WHAT THE TASK ASKS: Write back every entry exactly as it reads, with the pictures left behind.

Short text fragments from websites:

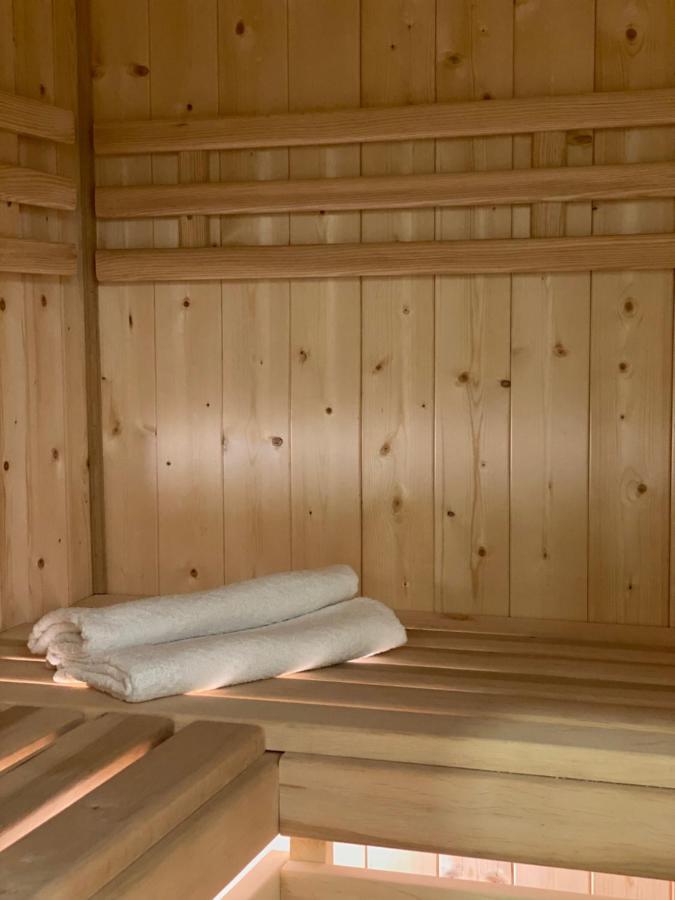 Apartment Family Sauna Apartments: Downtown Comfort With Private Wellness *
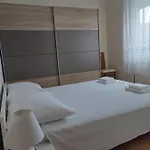 Eva *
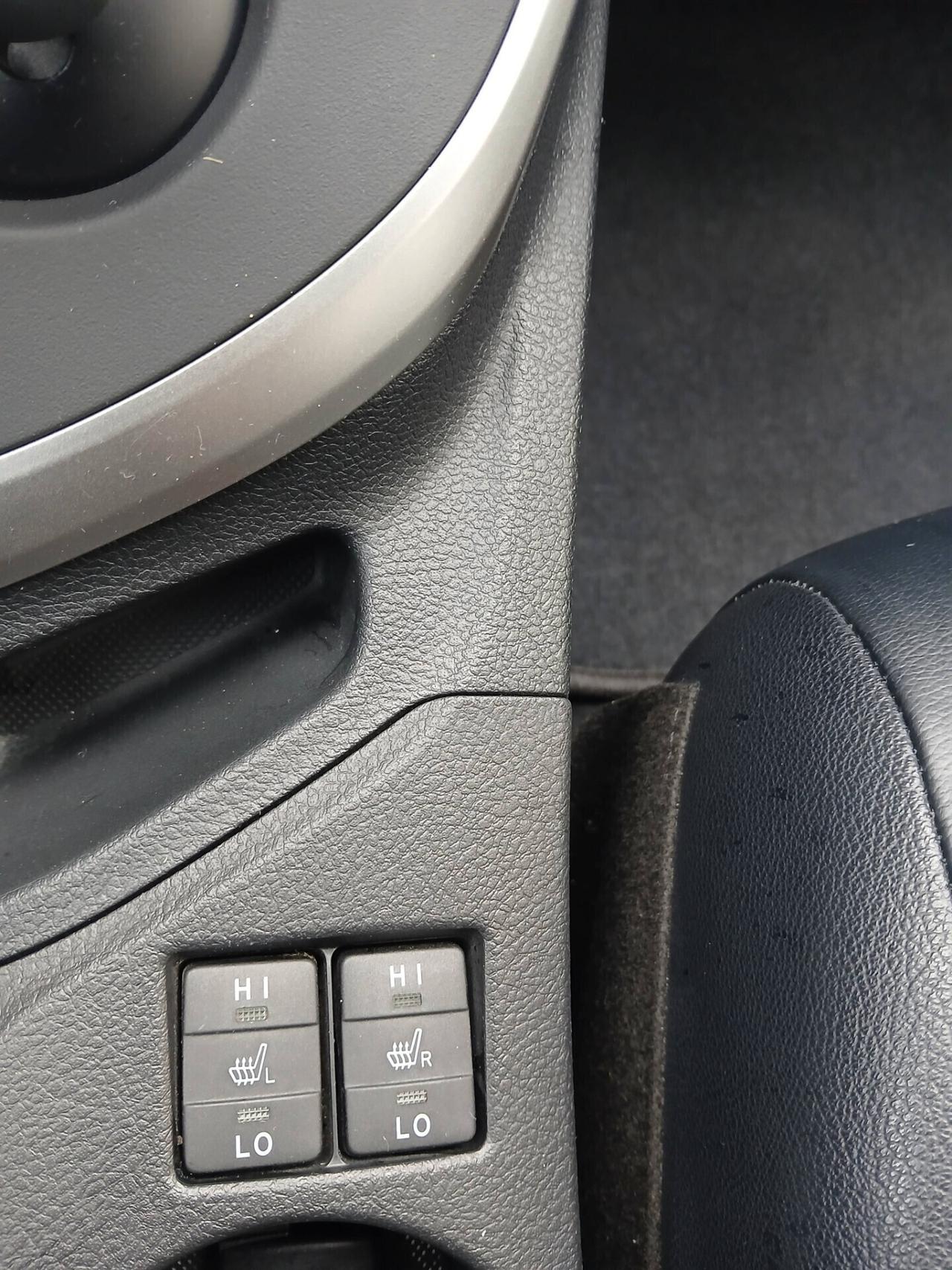 Toyota Auris 1.8 Hybrid Lounge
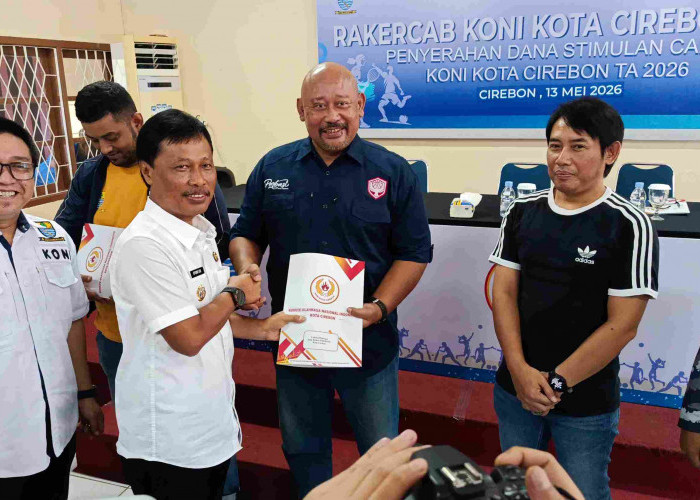 Beri Semangat Jelang Porprov Jabar, Walikota Serahkan Dana Stimulan untuk Cabor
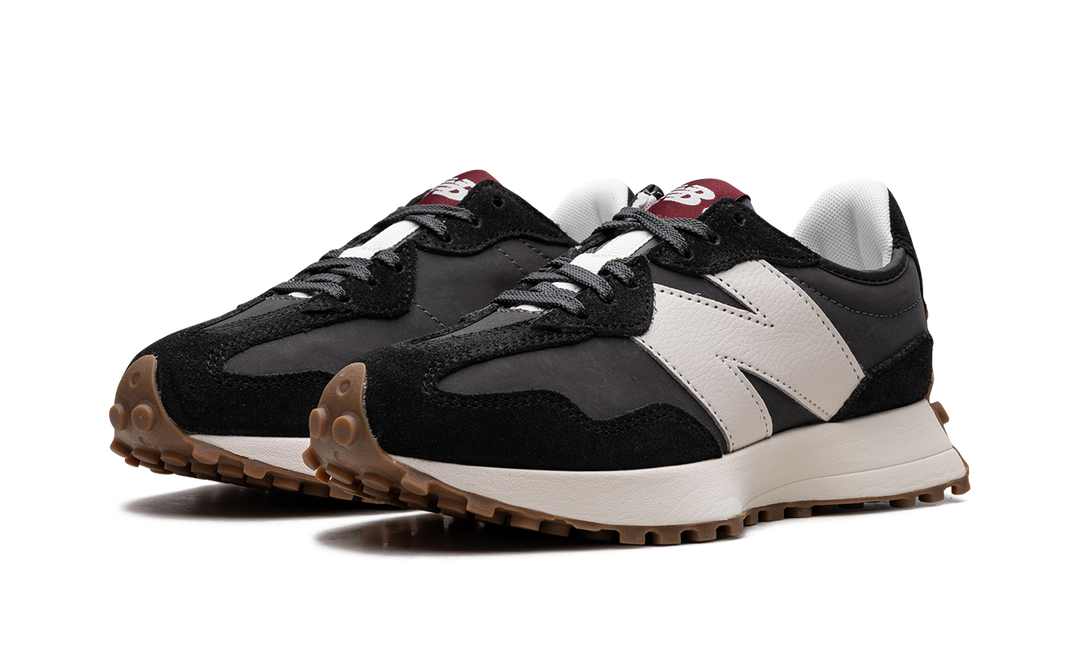 NEW BALANCE 327 BLACK WOMENS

ANSWER BELOW:
 Apartment Family Sauna Apartments: Downtown Comfort With Private Wellness *
 Eva *
 Toyota Auris 1.8 Hybrid Lounge
 Beri Semangat Jelang Porprov Jabar, Walikota Serahkan Dana Stimulan untuk Cabor
 NEW BALANCE 327 BLACK WOMENS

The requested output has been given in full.